What needs to be done =>
Nothing is needed except the lines below that run from the one with "2018-2019学年四川省" through the one with "德国CFW内骨架油封BAUM7SLX7170X200X15油封NBR丁晴橡胶", repeated exactly.
----- Supplied entries
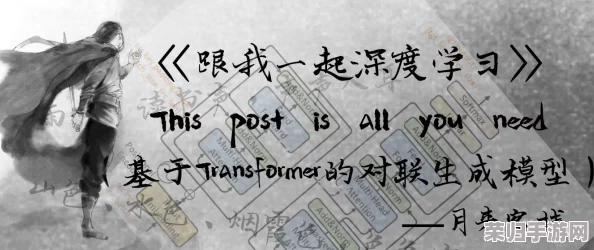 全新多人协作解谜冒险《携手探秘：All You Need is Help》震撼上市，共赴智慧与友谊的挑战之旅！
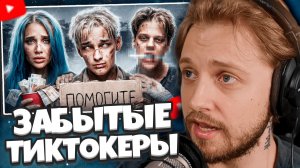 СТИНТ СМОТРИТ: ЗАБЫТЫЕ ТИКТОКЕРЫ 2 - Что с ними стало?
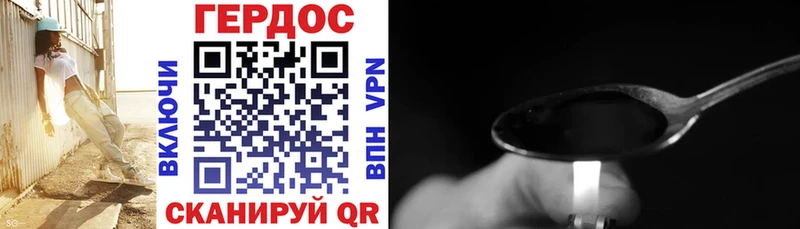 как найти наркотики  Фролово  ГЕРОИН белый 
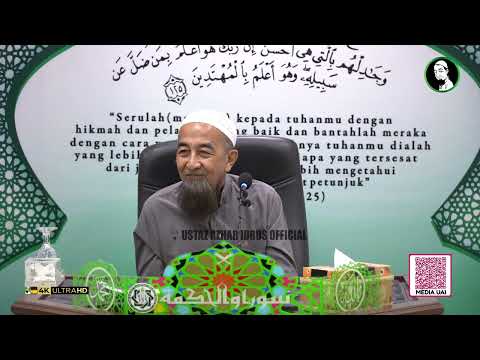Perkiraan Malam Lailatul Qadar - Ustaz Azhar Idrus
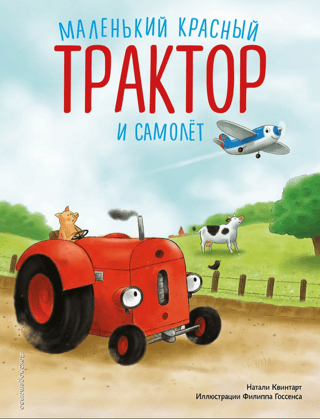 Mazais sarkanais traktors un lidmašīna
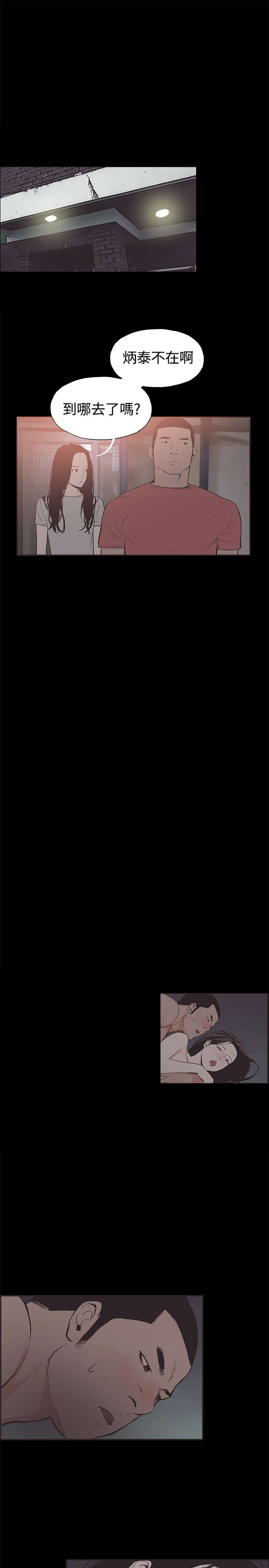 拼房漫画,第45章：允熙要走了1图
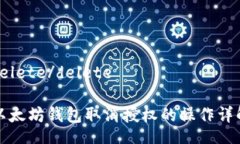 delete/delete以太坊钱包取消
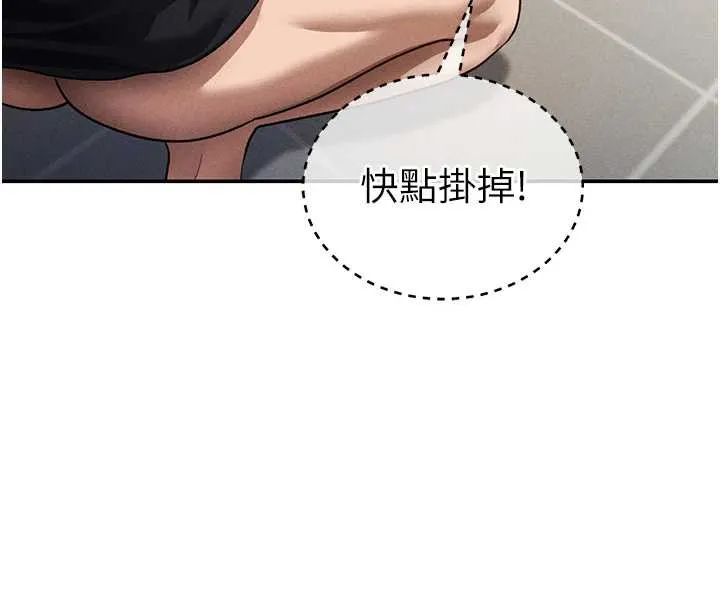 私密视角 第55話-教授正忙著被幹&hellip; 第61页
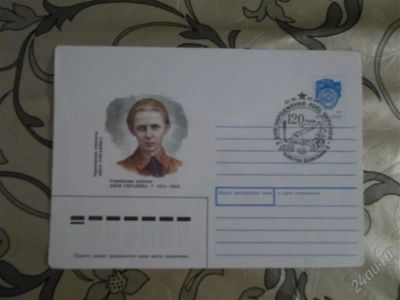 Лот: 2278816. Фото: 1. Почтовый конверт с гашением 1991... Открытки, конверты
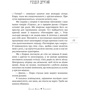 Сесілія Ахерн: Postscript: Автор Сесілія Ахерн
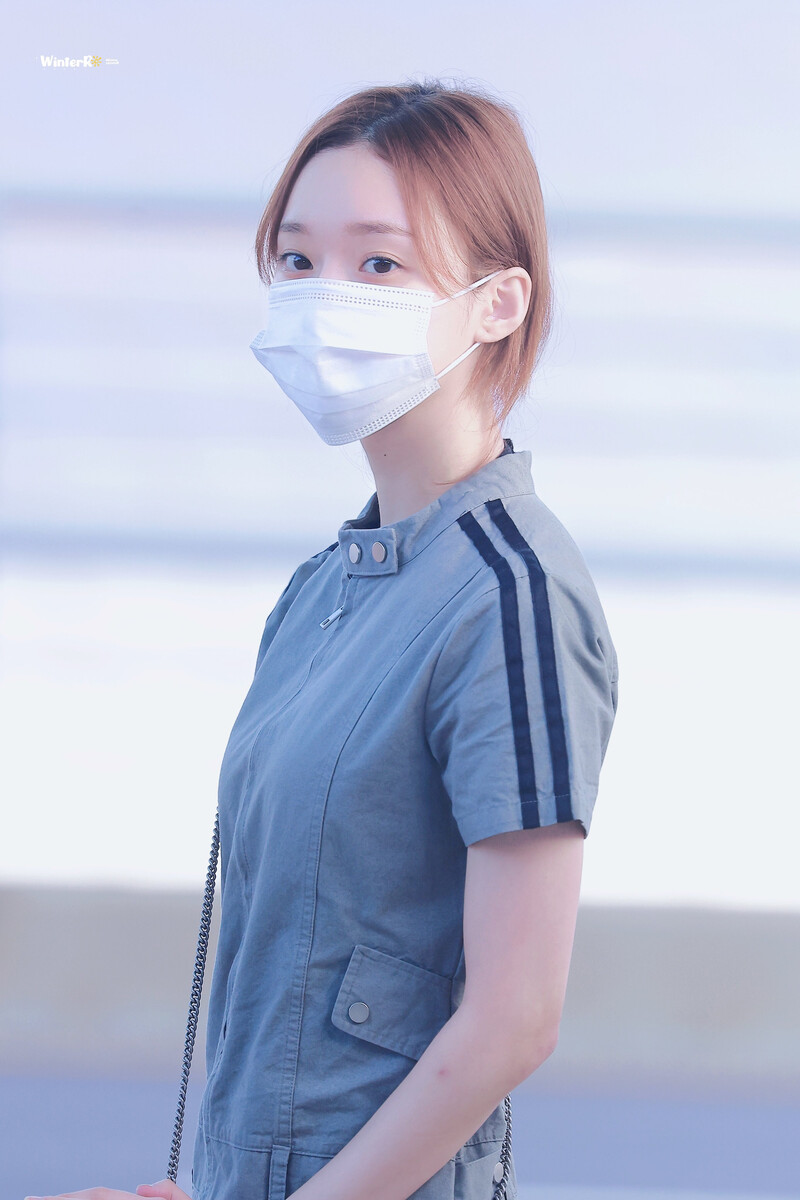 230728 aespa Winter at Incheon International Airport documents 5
----------
----- Supplied entries
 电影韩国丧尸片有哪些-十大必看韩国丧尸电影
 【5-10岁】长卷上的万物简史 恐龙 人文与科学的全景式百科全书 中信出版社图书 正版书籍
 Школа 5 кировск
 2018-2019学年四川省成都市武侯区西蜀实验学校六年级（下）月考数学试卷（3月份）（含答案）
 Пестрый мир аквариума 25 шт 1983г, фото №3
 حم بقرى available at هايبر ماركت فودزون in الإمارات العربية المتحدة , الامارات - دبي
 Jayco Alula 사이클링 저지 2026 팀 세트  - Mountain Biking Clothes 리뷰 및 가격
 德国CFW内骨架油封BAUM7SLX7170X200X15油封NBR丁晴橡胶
----------
Answer to this problem =>
 2018-2019学年四川省成都市武侯区西蜀实验学校六年级（下）月考数学试卷（3月份）（含答案）
 Пестрый мир аквариума 25 шт 1983г, фото №3
 حم بقرى available at هايبر ماركت فودزون in الإمارات العربية المتحدة , الامارات - دبي
 Jayco Alula 사이클링 저지 2026 팀 세트  - Mountain Biking Clothes 리뷰 및 가격
 德国CFW内骨架油封BAUM7SLX7170X200X15油封NBR丁晴橡胶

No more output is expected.